A prenuptial agreement is a type of marriage/domestic contract made prior to the marriage. In recent years, prenuptial agreements have become especially popular among spouses who have accumulated a substantial fortune or specific assets prior to entering into a marriage.
Many celebrity couples, including Michael Douglas and Catherine Zeta Jones, and Denise Richards and Charlie Sheen have prenuptial agreements in place. Often, such agreements will spell out the amount of support a spouse is to receive for each year of marriage as well as an additional clause in the event of adultery.
Some commentators have also questioned whether such agreements are a contributing factor towards divorce. Some argue that prenuptial agreements put an expiration date on marriage or incentivize divorce. Others argue that having consequences to divorce in place effectively reduces the likelihood of divorce and forces couples to work towards reconciliation.
A 2003 Harvard study suggested that two main reasons for the lack of prenuptial agreements is: 1) people think they are unnecessary because they have a false optimism that marriages will last; and 2) people believe that discussing prenuptial agreements signals uncertainty about marriage.
Nevertheless, such agreements appear to be gaining popularity.

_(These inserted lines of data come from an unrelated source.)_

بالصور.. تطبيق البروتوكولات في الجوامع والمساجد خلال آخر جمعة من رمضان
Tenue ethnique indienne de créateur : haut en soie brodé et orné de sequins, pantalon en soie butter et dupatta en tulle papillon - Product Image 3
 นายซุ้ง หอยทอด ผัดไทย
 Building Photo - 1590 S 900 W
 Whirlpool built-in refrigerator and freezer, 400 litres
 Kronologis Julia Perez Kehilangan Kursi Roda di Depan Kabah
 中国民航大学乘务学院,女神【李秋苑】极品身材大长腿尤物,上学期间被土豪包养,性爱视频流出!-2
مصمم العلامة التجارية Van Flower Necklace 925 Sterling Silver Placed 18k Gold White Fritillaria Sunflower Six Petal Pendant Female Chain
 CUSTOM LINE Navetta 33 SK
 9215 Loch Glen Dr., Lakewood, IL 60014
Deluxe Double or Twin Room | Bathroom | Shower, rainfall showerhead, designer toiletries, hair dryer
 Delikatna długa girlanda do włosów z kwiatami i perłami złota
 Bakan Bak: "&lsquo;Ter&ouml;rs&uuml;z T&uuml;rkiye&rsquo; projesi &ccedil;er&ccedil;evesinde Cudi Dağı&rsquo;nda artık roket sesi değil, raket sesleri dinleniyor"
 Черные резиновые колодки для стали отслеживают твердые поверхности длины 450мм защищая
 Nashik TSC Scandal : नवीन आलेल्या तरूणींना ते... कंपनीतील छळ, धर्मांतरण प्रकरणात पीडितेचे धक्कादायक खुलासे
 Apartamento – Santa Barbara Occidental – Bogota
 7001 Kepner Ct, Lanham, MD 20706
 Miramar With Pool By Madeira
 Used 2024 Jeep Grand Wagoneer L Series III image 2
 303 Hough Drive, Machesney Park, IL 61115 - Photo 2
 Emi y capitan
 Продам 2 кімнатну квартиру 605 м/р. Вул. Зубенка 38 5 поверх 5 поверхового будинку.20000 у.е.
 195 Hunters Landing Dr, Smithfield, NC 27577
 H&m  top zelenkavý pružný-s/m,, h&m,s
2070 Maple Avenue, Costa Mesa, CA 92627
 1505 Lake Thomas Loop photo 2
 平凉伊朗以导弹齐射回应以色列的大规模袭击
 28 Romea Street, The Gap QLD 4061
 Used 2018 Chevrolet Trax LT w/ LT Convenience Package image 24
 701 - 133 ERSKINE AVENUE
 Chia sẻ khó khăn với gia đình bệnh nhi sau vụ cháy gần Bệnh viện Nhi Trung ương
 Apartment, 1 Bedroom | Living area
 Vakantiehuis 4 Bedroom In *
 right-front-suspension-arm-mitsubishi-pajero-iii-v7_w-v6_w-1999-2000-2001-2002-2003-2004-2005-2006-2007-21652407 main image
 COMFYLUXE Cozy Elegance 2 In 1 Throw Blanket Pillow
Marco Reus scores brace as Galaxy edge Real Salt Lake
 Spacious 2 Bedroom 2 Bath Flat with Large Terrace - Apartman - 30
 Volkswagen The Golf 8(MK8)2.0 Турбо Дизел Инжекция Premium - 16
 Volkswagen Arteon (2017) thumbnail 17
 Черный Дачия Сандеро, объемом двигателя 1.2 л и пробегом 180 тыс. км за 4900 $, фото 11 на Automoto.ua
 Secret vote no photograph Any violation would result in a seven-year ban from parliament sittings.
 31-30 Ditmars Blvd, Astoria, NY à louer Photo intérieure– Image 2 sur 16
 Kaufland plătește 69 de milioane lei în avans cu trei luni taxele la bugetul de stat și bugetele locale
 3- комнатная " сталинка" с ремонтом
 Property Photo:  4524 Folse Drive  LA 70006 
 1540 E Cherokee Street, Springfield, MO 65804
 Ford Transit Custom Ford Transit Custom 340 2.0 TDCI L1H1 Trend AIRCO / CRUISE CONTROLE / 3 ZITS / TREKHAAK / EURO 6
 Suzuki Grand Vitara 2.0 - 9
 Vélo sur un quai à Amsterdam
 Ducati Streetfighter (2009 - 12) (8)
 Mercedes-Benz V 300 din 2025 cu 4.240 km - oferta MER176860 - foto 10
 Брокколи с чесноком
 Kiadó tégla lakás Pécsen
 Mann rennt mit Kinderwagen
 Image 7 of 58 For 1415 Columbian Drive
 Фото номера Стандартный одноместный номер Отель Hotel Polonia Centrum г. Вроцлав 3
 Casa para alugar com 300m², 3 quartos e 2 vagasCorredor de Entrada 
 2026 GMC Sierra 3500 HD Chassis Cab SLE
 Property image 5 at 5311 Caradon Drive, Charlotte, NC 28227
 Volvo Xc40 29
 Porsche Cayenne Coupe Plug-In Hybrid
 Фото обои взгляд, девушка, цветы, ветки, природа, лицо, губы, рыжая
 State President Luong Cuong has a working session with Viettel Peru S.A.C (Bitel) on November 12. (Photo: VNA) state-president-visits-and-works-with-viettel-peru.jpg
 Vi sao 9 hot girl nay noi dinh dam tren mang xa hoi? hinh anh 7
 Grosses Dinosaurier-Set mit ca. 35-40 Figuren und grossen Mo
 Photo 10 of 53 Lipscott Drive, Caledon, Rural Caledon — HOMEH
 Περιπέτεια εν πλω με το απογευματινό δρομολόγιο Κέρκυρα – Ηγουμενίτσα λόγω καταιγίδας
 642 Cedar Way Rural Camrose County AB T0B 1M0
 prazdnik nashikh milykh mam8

Legal commentators and practitioners estimate that only about 5 to 10% of the population enter into prenuptial agreements. So, are the divorce rates higher among married couples with prenuptial agreements in place? Unfortunately, due to the private nature of these agreements, there is little statistical information regarding the divorce rate in marriages with prenuptial agreements.
Recently, many commentators have argued that such agreements are wise, given that the divorce rate is so high (50% in the USA and 38% in Canada).
It is important to note that, although prenuptial agreements commonly deal with spousal property, they can be useful in other scenarios as well. Heather Mahar, a research fellow at the John M. Olin Centre for Law, Economics, and Business at Harvard Law School explains that “prenuptial agreements can go beyond preserving assets before the marriage. For instance, such agreements may dictate custody arrangements, or allow the couple to agree to divorce only in the presence of traditional grounds of fault, such as cruelty or adultery (as opposed to the no-fault divorce in today’s legislation). She notes that the ability to make such agreements makes marriage more stable.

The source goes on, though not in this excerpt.